D'autres chiffres permettent de se rendre compte de l'importance pour la Suisse du secteur des banques et des assurances :
- Il réalise près de 12% de la valeur ajoutée du pays, soit deux fois plus qu'en France ou en Allemagne.
- Il génère plus du tiers de l'excédent de la balance suisse des transactions courantes.
- Il occupe près de 6% des personnes actives.
- Il contribue à près de 20% des recettes fiscales du pays.
- Il réalise près du tiers des investissements directs suisses à l'étranger.
La place financière suisse comprend deux grandes banques, l'UBS (ici) et le Crédit Suisse (ici), mais aussi des banques cantonales, des banques régionales et caisses d'épargne, les 411 banques du réseau Raiffeisen (ici), des banques commerciales, des banques boursières, des banques de prêt personnel, des banquiers privés au nombre de 14 (ici), des banques étrangères, des succursales de banques étrangères, et - ce que l'on sait moins - quelque 3000 gérants de fortune indépendants.

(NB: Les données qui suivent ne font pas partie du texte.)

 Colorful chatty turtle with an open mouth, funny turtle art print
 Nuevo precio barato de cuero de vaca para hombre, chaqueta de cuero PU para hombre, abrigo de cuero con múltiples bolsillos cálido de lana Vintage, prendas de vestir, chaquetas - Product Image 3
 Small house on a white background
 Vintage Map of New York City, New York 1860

C'est dire que la Suisse est un centre financier très diversifié.
La place financière suisse est répartie entre plusieurs pôles. Pour simplifier et en apprécier l'importance relative : Zürich emploie 75'000 personnes dans ce secteur, Genève 30'000, le canton de Vaud 13'000 et le Tessin 8'000.

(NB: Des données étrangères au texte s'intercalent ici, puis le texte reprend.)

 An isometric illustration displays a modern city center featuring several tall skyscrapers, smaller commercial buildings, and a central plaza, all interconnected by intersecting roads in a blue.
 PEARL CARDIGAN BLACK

Selon les 6 critères définis par la Banque des Règlements Internationaux (ici) pour apprécier le caractère international et global d'une place financière :
La Suisse est, après le Royaume-Uni et la France, la troisième plate-forme bancaire la plus globale du monde, à égalité avec l'Allemagne et avant les Etats-Unis.
La place financière suisse bénéficie d'atouts propres à la Suisse tels que la stabilité politique et sociale - la grève est rarement utilisée comme moyen d'action -, la stabilité juridique, la performance économique - qui devrait être moindre cette année uniquement en raison de la forte dépendance de ses exportations à l'égard de la conjoncture internationale et non pas, comme ailleurs, de l'endettement des particuliers -, la stabilité monétaire, les taux d'intérêts réels faibles, le respect de la sphère privée, l'ouverture sur le monde - les exportations suisses représentent le tiers du PIB suisse -, de ressources humaines multilingues et qualifiées, d'infrastructures financières modernes et efficaces.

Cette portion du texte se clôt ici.